Aumentan los feminicidios en América Latina

Los feminicidios (homicidios de mujeres por cuestiones vinculadas al género) y otras formas de violencia siguen en aumento y además el 98% de los casos quedan impunes en América Latina. Esta es una de las conclusiones del estudio “Prevenir los Conflictos, Transformar la Justicia, Garantizar la Paz” presentado por ONU Mujeres hace unas semanas. Este estudio, sobre la aplicación de la Resolución 1325, vuelve a incidir en la relevancia de la participación de las mujeres en la prevención, gestión y solución de conflictos.

En el año 2000 el Consejo de Seguridad de las Naciones Unidas elaboró la Resolución 1325 donde destacaba la participación de las mujeres, como garantes de la igualdad, en la prevención y solución de conflictos, la consolidación y el mantenimiento de la paz y la seguridad de los países. Además demostraba que la inclusión de las mujeres mejora la eficacia en la asistencia humanitaria, fortalece los esfuerzos en la consolidación de la paz y la recuperación económica de los países.

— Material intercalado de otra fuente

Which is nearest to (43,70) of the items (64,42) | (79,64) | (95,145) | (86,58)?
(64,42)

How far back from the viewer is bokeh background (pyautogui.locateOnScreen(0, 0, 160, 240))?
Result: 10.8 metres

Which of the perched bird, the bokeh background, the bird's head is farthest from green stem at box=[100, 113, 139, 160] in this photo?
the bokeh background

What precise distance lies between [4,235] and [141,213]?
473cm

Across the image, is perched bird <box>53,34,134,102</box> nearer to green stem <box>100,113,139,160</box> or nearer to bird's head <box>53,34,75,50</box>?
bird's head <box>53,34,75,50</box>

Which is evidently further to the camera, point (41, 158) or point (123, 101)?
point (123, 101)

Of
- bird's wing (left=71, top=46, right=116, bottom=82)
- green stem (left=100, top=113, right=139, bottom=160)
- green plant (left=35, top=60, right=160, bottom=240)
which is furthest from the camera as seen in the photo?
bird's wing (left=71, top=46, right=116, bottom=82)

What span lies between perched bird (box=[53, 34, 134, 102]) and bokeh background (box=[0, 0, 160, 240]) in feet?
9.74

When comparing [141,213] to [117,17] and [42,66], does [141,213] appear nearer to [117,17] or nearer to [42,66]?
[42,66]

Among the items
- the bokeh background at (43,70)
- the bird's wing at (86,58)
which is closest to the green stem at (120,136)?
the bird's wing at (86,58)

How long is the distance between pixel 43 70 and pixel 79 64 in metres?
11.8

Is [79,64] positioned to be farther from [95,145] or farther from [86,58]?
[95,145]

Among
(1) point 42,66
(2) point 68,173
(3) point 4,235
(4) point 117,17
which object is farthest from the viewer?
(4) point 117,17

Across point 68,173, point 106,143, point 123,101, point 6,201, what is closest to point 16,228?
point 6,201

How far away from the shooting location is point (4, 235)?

Las mujeres y las niñas se convierten en la población más afectada, ya que se ven expuestas a experimentar violencia sexual y de género. El Salvador, Honduras y Guatemala son los países con las tasas de feminicidios más altas del mundo. Este dato puede ser el causante del aumento de mujeres que intentaron migrar con sus hijos a Estados Unidos, cifra que pasó de 12 mil en 2013 a más de 66 mil en 2014.

Luiza Carvalho, Directora Regional de ONU Mujeres para las Américas y el Caribe, señaló que en la actualidad “nos encontramos ante una situación de gran emergencia que requiere la  coordinación de todos los actores”. “En el contexto de violencia que vive la región, no es sorprendente que de los 25 países del mundo con las tasas más altas de feminicidio, 14 están en América Latina y el Caribe”.

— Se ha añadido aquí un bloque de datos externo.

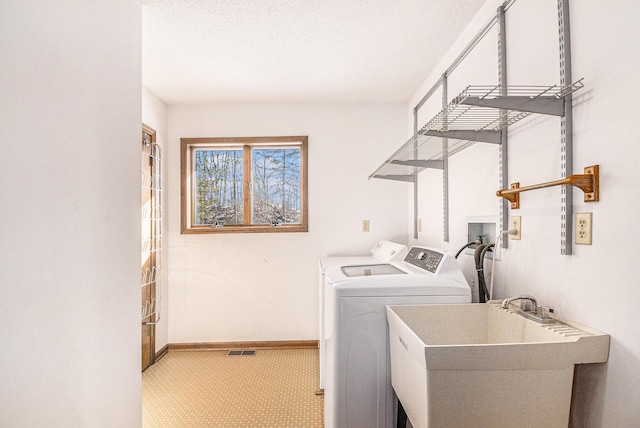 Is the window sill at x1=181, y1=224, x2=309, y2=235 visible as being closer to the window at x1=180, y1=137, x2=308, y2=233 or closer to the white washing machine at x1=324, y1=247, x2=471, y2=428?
the window at x1=180, y1=137, x2=308, y2=233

Gladys Paz, Directora de Global Humanitaria Guatemala, explica que “en Guatemala la falta de oportunidades para la mujer es el resultado de factores socioculturales, de la pobreza y de una débil presencia del Estado”. “La mujer es víctima de abuso y maltrato en su entorno familiar, se les considera seres inferiores; la desvalorización hacia la mujer es tan recurrente que se ve como parte de la vida cotidiana, esto es ocasionado en gran parte debido a su educación en una sociedad machista que generalmente provoca una baja autoestima y escasos conocimientos de sus derechos”.